Plum likes to referee during such disagreements


But when he is in control of the By-Laws, all of a sudden they seem to be peppered with phrases such as "and then thou shalt worship the Purple Cat" and "Henceforth the contractee will make sure to continually proffer the Purple Cat with sweetmeats of his choosing" and other similar Articles and Amendments.  And that doesn't sound right to me.

Dorothy insists that the Bulldogge By-Laws are a work in progress, and that it might make sense to remove the Section about No Bulldogges being allowed on the table, say, and replace it with something More Faire.

I'm pretty sure that clause will remain as is, though.

Tuesday, May 17, 2011

Olde English Bulldogge Bathtime: A Wettinge, A Dryinge, and A Zoomie Afterwards

First you taketh a washe-cloth, and proceedeth to gather ye squirming Bulldogge and place her in a half-filled basin or wash-Tubbe.


But enough of that!  Dorothy had her first bath in my abode and it was rather long overdue.  The girl was ripe.  I think I will now add Dog Grooming to my long list of professions at which  I would not succeed.  There’s a reason why there isn’t “A Sudsing” in the title above. 

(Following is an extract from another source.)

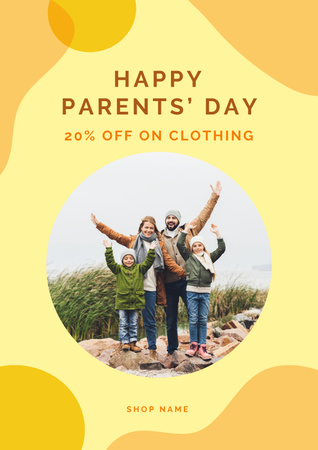 Parent's Day Clothing Sale Poster Design Template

I put Dorothy in about eight inches of toasty warm water in the tub.  She was pretty sure I had done so by mistake, so she considerately jumped right out, drenching me in the toasty water, and spreading at least one of its inch-age onto the bathroom floor.  I put her back in the tub.  Again, she was sure I hadn’t meant to do so, oh pardon me, and quickly and politely tried to jump out.  Did I mention that bulldogges, not unlike Bon Jovi fans, are slippery when wet?  They are.  More warm water on me; more warm water on the floor.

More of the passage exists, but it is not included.